Les Echos

09/05/2018

« Il y a 5 niveaux d’intelligence artificielle »

Le CEO de Novasecur et spécialiste de la gestion des risques, Cédric de Serpos, juge que l’intelligence artificielle peut apporter des réponses prédictives face aux nouveaux risques.

Comment l’intelligence artificielle peut-elle aider à la gestion des risques ?

Les spécialistes du risk management sont aujourd’hui confrontés à de nouveaux risques pour lesquels, pour la première fois, il n’y a aucun historique. C’est le cas des événements cyber, mais aussi des sujets réglementaires, comme Sapin II ou le RGPD, qui peuvent être d’une grande complexité à gérer. Sans historique ni références, les professionnels et les assureurs ne peuvent pas savoir quelle sera l’importance ou la sévérité de ces risques et donc quelle provision prendre. L’intelligence artificielle (IA) peut apporter la réponse.

Comment ?

L’intelligence artificielle est un terme très galvaudé. En réalité, on peut considérer qu’il y a cinq niveaux d’IA. Les niveaux 1 et 2 relèvent du traitement par des machines de scores, questionnaires, etc. en vue d’analyses de questionnaires ou d’informations statistiques. Le niveau 3 est celui des analyses prédictives : la machine nous aide à analyser des tendances et à dire ce qui se passera dans le futur. Le niveau 4 est celui du « machine learning », voire du « deap learning », dans lesquels la machine a une approche cognitive et fait des progrès en se corrigeant elle-même.
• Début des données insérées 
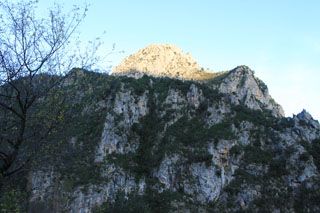 cotera_006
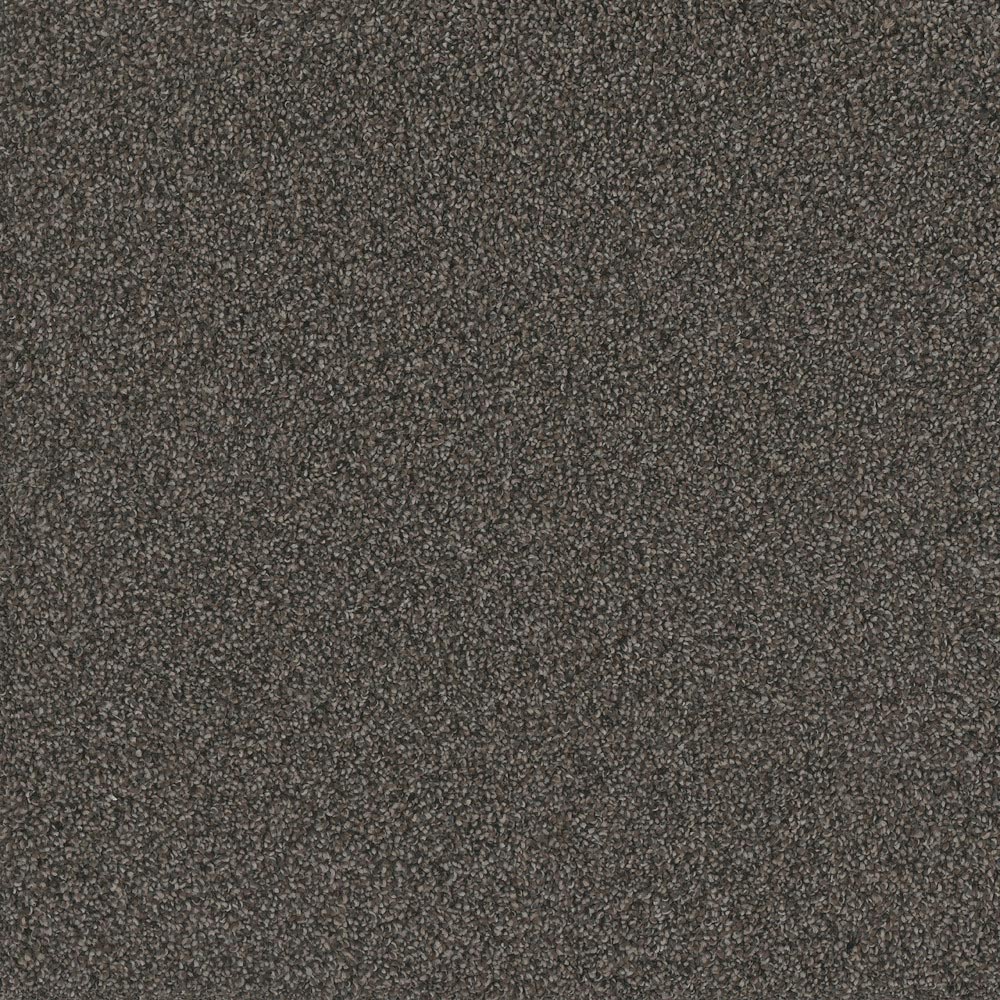 Fashion Flair III - Magnetic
Enfin, le niveau 5 sera celui où la machine pensera par elle-même : on y arrive techniquement, mais pas encore en pratique.
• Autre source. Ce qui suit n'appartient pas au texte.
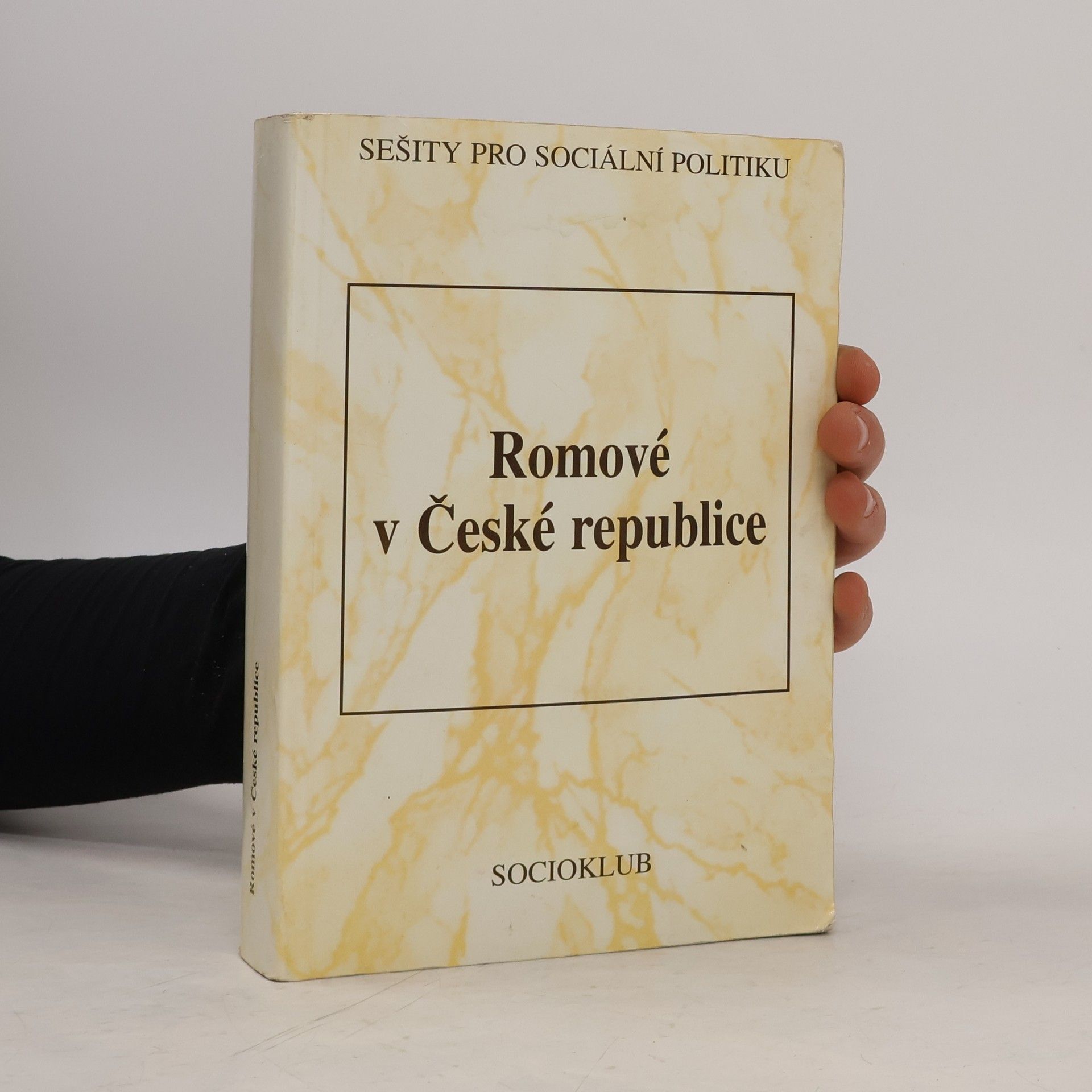 Kolektiv autorů Romové v České republice (1945-1998) Romové v České republice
Ce sont les niveaux 3 et 4 qui peuvent déjà être utilisés en matière de gestion des risques, en particulier face aux risques nouveaux et polymorphes. Prenons le cas du cyber : les virus informatiques vont attaquer, puis muter, etc. Certaines attaques sont arrêtées, mais d’autres changent d’approche et réussissent. Aujourd’hui, les entreprises n’ont pas les ressources ou les outils pour contrer toutes les attaques, pour dire à chaque alerte s’il faut s’inquiéter ou pas. L’intelligence artificielle peut non seulement traiter les alertes mais aussi, progressivement, devenir de plus en plus efficace dans les réponses, car elle apprend au fil du temps.

Auriez-vous un exemple ?

L’un de nos clients, un groupe industriel, était confronté à des attaques cyber automatisées un peu atypiques. Il savait que ces attaques venaient d’Europe de l’Est mais n’arrivait pas à les arrêter avant qu’elles ne touchent son système central. L’IA lui a permis de suivre précisément le fil des attaques et d’identifier leur parcours : elles venaient de Roumanie et étaient testées sur des pays peu impactant avant d’arriver sur son coeur d’activité, situé en Grande-Bretagne. Grâce à cette analyse, l’entreprise a pu bloquer le process en amont – dès les premiers tests – et limiter l’impact à la fois technique, chronologique et financier des attaques.

Mais les attaquants aussi s’appuient sur l’intelligence artificielle…

Il est certain que dans notre film, les méchants sont plus riches que les gentils. Cela signifie que les cyber attaquants sont beaucoup mieux équipés que nous : on estime que le rapport, en termes d’investissement, est de l’ordre de 1 à 10 ! Ce décalage pose évidemment un problème, mais il implique aussi que nous n’avons pas le choix, il faut nous équiper.